Podemos, sim, andar a esmo dentro de nós. E sua imagem nessa pergunta é poesia pura. Acredito até que é preciso andar a esmo dentro de nós, andar como não se anda, assim como acordar os dias possíveis, a ave que morre, pássaro de incêndio nas praças e nos acenos. A rua sempre será uma possibilidade, dentro e fora da arte. Dentro e fora do mundo. Sempre será essa possibilidade do encontro sem mapas, sem roteiro. Os passos sempre se perdem dentro dos sapatos. É bom que consigamos viver o lírico e o imprevisto, para que tudo possa se concluir. Assim é a poesia a ser captada para o poema, para a construção do poema que tenha o homem como medida, as mulheres, as plantas, os bichos, o universo.
Cada detalhe é palmilhado como instante mediúnico, de revelação, seja na observação dos varais — “a louça verde das toalhas” —, seja nas distorções dos espelhos dos cafés. Trata-se de um elogio à paciência, firmando uma crítica à pressa e à velocidade da informação?
Eu volto ao mergulho na memória. E quando falo do existencial, fica aí subtendido o mediúnico, a que você se refere. O mediúnico na acepção mais correta da palavra. Aquele estado em que chega o poeta na sua própria revelação, vendo tudo que já conhecia antes, de tantos séculos, de tantos livros, de tantas palavras, de tantos caminhos e noites, e dias, e descobrimentos, nos varais da mãe, o sol que queima e faz nascer a planta. A música dos becos de Portugal, onde vive a alma da palavra e da poesia. A vida existe, é preciso que sempre se lembre disso. Existe para ser vivida, essa etapa de se guardar no planeta doente, em estado terminal. E de repente você percebe que não é preciso correr, nem se apressar, embora quase tudo seja urgente. Não. É preciso, sim, calar mais fundo essa poesia das coisas, que quase ninguém percebe. Essa coisa que está a morrer, esse gesto de solidariedade do tempo, da escuridão. Eu quero a louça verde nas toalhas. Isso faz parte da poesia e faz parte do poema.
Caminhar pressentimentos seria uma forma de perdoar o futuro e admitir que nada será acrescentado ao que já foi vivido? “A poesia nada pode senão calar-se/ por dentro das palavras.” O senhor nega a literatura para afirmar a vida?

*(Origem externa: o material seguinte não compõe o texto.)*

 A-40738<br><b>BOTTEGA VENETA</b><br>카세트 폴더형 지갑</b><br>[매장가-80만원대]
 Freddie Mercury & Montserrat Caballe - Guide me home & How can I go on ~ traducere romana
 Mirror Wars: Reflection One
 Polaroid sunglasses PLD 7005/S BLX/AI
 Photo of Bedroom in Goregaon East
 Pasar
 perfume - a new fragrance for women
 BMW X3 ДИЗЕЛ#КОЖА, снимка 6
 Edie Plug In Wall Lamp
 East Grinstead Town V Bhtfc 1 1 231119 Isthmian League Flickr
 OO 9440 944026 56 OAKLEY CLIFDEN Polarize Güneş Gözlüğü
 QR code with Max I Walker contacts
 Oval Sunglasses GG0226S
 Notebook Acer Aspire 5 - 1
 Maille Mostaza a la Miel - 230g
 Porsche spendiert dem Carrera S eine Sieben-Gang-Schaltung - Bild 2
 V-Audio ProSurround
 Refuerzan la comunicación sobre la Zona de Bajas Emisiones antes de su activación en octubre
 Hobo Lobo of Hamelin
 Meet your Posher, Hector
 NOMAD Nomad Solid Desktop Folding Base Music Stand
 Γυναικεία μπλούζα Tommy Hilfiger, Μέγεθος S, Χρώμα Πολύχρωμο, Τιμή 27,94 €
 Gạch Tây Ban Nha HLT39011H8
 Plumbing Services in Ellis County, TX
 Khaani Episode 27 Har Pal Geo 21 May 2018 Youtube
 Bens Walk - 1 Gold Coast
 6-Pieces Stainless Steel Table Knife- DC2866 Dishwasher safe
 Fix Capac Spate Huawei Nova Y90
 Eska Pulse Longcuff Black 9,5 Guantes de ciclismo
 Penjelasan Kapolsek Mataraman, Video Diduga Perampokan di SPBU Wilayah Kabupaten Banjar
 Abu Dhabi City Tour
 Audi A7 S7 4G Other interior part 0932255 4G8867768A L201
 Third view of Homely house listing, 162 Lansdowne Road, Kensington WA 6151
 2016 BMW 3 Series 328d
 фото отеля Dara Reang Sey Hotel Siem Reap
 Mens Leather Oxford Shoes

Não. No meu caso, literatura e vida são a mesma coisa. Caminho os pressentimentos sem perdoar a mim, não o futuro. Até porque eu não sei o que é o futuro. Pouco sei de meu presente e do presente do mundo. Não sei o que é o futuro, mas posso idealizá-lo. Tem de ser idealizado. Tem de ser construído e isso vale também para a literatura, especialmente para a poesia. Para essa poesia que se pretende testemunha da vida e da arte. Tem de ser assim. É impossível separar o homem de sua obra. E será sempre possível e necessário acrescentar sempre mais o que já foi vivido. Mas diante da brutalidade cotidiana, o poeta talvez se cale, mas não para sempre. A palavra é uma arma que corta. É preciso saber usá-la com sabedoria, para que não se perca nas nulidades e na inconsequência. Vivemos um tempo inconsequente, principalmente dentro da literatura, nesse jogo de cartas marcadas, nessa paisagem sombria de desonestidades a toda prova. A palavra é a arma, a lâmina, a gilete. Ela pode ferir, pode até matar. É preciso, pois, cuidado. Então, é possível responder: Não nego a literatura para afirmar a vida. Eu nego a vida para afirmar a literatura.